Detalhe: Santa Catarina é o estado que
mais emitiu decretos de calamidade
pública (ao menos 4 mil) de 2013 a 2023, segundo a Confederação Nacional dos
Municípios. Nesse período, foram
registradas 148 mortes em decorrência de situações climáticas. Quase 57 mil
pessoas ficaram desabrigadas e ao menos 450 mil foram desalojados por algum
tipo de desastre. Tal realidade, porém, aparece publicamente desconectada da crise
climática.
A Frente Parlamentar para o
Fortalecimento da COP30 na Assembleia Legislativa tem reuniões frequentes, mas
ainda não apresentou os termos do documento que será levado ao evento. As
entrevistas do deputado Mauro de Nadal (MDB), que preside a Frente, levam a
crer que a tônica será a defesa do modelo do agronegócio e da pequena
propriedade rural catarinense, que, segundo ele, é produtiva e protege o meio
ambiente. O próprio objetivo da frente é ampliar o debate sobre como conciliar
sustentabilidade ambiental e produção agropecuária, ou seja, a crise climática
não é o centro das preocupações.
A Comissão de Meio Ambiente e
Desenvolvimento Sustentável está promovendo
audiências regionais para ampliar a participação da sociedade na COP30 e
levantar propostas e sugestões de
diversos segmentos da população catarinense. A divulgação das audiências já
realizadas, porém, até agora é genérica e não ajuda a compreender os dilemas de
cada região. Isso a menos de um mês e meio do início da COP30. Os jargões –
desenvolvimento sustentável, sustentabilidade – vão constituindo o discurso e
substituindo um vocabulário vivo sobre as realidades regionais.
O PAPEL DA CLASSE
TRABALHADORA
Pesquisas do DIEESE/SC e do Núcleo de
Estudos de Economia Catarinense (NECAT/UFSC) trazem uma série de informações
sobre o perfil da classe trabalhadora catarinense. Para este artigo, interessa
apenas apresentar alguns fatos para pensar nas formas de enfrentar a realidade
já posta.
A classe trabalhadora não tem, em Santa
Catarina, um sistema de comunicação que represente seus interesses. Rádios,
tevês, jornais, portais, são dominados por empresários e mantidos
prioritariamente com dinheiro público, como mostram os repasses mensais feitos
a eles pelo governo do estado, Assembleia Legislativa e prefeituras. Os poucos veículos independentes não chegam à
maioria da população, que pouco ou nada sabe da rotina de desmandos que potencializa as tragédias
climáticas. Desgraça concretizada, sobram para Deus ou a chuva. Desmontar a ideologia que impede a
compreensão da natureza como mercadoria sob o capitalismo exige investimento em
jornalismo por parte de sindicatos e movimentos populares em geral, que
precisam se unir para viabilizar a visibilidade pública de suas lutas.

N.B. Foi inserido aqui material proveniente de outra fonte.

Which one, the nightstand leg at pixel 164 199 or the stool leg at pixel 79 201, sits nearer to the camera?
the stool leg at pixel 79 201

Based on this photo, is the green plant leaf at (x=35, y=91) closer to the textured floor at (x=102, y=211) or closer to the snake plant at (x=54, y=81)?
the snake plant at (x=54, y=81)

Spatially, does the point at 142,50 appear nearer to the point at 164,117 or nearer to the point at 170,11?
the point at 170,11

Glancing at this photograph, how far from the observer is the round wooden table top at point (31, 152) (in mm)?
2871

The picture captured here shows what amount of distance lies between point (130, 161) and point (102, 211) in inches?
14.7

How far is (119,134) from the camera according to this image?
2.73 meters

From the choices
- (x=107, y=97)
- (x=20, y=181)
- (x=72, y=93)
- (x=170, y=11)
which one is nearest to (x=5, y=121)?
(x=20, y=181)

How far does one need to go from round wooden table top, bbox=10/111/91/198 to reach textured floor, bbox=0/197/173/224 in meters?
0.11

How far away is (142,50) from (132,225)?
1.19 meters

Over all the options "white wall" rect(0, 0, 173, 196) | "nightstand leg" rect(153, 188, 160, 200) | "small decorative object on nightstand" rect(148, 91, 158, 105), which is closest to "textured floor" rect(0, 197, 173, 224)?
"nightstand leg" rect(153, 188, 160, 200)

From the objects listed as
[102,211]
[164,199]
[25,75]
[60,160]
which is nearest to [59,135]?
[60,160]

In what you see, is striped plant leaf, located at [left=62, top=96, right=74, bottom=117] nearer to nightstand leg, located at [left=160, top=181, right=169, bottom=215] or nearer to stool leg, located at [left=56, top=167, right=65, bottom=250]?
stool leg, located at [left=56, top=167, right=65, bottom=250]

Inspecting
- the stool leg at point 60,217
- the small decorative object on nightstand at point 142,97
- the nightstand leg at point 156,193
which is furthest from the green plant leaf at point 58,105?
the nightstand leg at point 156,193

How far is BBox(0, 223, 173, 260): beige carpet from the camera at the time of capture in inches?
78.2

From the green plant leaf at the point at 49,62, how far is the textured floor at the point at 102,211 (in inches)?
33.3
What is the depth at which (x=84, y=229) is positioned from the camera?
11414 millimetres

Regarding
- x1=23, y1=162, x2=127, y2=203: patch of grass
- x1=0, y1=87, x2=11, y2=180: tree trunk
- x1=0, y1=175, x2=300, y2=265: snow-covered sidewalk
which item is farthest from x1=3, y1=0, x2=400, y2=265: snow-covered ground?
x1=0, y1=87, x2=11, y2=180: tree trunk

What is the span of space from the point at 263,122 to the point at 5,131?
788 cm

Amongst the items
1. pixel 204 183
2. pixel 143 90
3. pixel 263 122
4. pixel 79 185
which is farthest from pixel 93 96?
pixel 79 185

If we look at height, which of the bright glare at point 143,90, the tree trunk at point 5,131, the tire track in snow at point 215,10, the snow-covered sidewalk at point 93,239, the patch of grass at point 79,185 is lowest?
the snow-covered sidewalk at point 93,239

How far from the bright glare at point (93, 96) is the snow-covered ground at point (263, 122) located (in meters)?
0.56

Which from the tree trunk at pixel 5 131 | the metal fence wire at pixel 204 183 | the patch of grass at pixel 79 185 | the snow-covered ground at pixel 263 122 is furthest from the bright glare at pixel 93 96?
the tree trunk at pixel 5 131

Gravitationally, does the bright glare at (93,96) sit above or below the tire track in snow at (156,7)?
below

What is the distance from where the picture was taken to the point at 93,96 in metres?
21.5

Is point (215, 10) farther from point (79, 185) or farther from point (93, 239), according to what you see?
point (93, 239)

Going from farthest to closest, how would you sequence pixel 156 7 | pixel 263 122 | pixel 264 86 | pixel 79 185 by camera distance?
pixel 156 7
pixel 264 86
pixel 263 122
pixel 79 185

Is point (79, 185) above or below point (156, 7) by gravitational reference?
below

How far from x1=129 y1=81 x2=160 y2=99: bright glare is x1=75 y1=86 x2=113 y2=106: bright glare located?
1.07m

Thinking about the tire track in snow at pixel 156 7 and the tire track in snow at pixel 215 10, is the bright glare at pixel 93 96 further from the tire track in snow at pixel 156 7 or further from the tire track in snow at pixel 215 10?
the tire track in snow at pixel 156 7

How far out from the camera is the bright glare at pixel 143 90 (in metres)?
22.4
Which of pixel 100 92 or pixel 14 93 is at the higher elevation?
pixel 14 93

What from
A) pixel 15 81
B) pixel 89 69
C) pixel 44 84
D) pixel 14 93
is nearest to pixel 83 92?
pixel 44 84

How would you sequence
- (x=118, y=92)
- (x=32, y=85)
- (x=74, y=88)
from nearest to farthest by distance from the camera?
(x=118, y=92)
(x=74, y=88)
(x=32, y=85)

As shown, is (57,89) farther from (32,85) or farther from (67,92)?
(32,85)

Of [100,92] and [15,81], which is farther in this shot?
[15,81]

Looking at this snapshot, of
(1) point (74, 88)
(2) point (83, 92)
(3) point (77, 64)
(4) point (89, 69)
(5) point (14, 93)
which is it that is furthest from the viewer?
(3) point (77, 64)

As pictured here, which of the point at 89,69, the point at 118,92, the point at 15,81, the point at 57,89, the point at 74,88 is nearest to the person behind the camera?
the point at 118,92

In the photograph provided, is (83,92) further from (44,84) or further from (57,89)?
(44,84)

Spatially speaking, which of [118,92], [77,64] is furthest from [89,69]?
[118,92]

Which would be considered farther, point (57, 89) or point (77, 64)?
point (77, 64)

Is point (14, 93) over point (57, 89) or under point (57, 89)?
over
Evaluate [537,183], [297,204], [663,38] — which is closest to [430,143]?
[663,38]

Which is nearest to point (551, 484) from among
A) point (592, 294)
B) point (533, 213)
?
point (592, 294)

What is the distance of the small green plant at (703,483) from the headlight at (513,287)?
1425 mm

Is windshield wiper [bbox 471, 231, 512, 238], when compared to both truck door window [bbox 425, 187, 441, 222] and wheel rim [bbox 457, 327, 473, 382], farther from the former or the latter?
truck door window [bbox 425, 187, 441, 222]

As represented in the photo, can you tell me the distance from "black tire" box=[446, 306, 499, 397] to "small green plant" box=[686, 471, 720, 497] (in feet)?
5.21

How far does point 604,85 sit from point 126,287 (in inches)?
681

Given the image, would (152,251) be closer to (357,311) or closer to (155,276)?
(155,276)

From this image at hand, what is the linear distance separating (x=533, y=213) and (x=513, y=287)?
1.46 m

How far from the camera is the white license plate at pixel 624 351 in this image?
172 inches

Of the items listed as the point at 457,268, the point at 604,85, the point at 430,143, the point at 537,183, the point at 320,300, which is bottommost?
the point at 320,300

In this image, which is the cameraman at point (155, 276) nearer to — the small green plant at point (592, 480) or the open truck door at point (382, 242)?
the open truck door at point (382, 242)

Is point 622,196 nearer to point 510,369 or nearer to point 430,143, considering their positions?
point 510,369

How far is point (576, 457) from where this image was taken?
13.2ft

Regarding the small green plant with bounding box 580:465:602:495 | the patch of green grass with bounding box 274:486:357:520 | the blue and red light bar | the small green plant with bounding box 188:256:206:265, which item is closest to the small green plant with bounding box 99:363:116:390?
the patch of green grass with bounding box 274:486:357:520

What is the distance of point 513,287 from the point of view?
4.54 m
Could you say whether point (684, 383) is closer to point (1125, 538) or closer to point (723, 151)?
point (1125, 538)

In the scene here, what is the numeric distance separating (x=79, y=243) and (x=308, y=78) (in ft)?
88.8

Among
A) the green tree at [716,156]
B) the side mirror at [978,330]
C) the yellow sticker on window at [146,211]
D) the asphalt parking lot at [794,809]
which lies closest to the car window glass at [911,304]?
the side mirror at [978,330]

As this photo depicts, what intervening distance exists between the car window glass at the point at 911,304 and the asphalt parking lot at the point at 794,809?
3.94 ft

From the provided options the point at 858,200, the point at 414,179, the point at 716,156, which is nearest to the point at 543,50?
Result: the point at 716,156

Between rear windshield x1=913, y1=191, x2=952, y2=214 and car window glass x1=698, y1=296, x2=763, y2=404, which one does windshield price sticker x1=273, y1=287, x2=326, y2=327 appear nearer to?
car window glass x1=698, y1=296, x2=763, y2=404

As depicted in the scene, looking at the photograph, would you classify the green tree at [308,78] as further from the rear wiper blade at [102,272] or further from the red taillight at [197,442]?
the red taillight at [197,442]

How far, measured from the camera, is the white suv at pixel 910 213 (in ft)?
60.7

Outra medida é cobrar, das
universidades públicas catarinenses, a produção de pesquisas necessárias para investigar
e expor os impactos da crise climática no estado,
cumprindo sua função social. Em Florianópolis, por exemplo, movimentos estão se
mobilizando para barrar a verticalização meramente especulativa e sem
compromisso com a moradia como direito, com infraestrutura e serviços
adequados, como na Armação, Pântano do Sul e Campeche. A pesquisa acadêmica
precisa estar a serviço também destas demandas.
De modo geral, os espaços de
participação são cada vez mais estreitos. Um exemplo foram as Audiências
Públicas do Plano Diretor em Florianópolis em 2022/23. Muita gente
falando, ninguém anotando e pouco ou nada do que foi dito apareceu no documento
final. Mas a realização por si só de Audiências mal convocadas passa por
participação popular quando a prefeitura defende seus interesses e os dos
grupos dominantes. Quem é do movimento popular e atua nos chamados Conselhos de
Direitos, onde deveria se concretizar a participação social prevista na
Constituição Federal, também já percebeu que a energia gasta neles serve mais
para referendar abusos e ilegalidades.
Por isso, os mandatos populares,
minoria nas Câmaras e na Assembleia Legislativa, precisam ampliar espaços de
fiscalização, denúncia e formação. Hoje, esses mandatos também caem na lógica
do “caça cliques” e da “lacração” nas redes sociais, onde tudo é efêmero. Porém,
há que planejar ações para além da lógica imediatista imposta pelos algoritmos.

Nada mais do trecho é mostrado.